What to work on: Once you find the line below that has "Tulipes a Morges 2007 - 035", output it and every line after it exactly, stopping after the line that has "Rocky mountain wildflowers", with no pictures.

Source data:
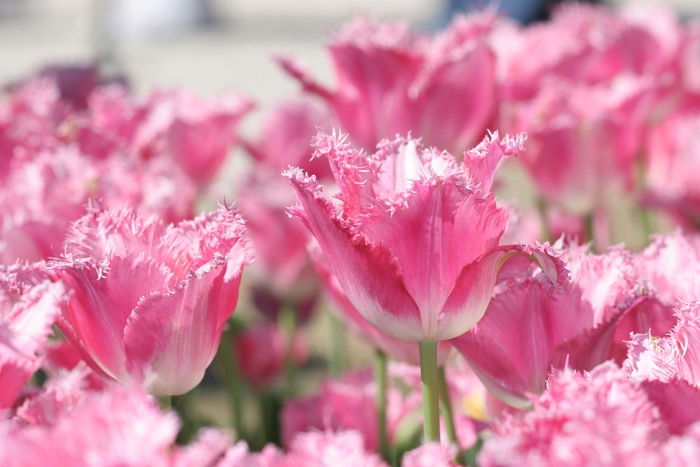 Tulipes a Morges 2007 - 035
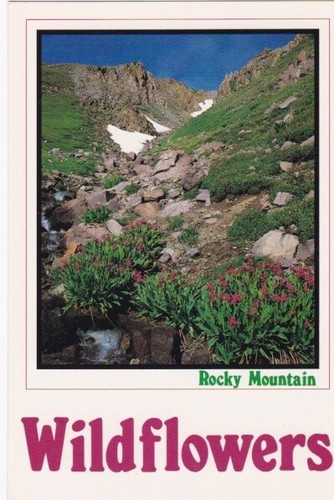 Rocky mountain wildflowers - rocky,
==
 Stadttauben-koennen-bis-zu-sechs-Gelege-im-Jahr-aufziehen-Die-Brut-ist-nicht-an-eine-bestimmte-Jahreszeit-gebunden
* * *
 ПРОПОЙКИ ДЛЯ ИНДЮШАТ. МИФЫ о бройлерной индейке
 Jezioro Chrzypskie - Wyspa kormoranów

Answer below:
 Tulipes a Morges 2007 - 035
 Rocky mountain wildflowers - rocky,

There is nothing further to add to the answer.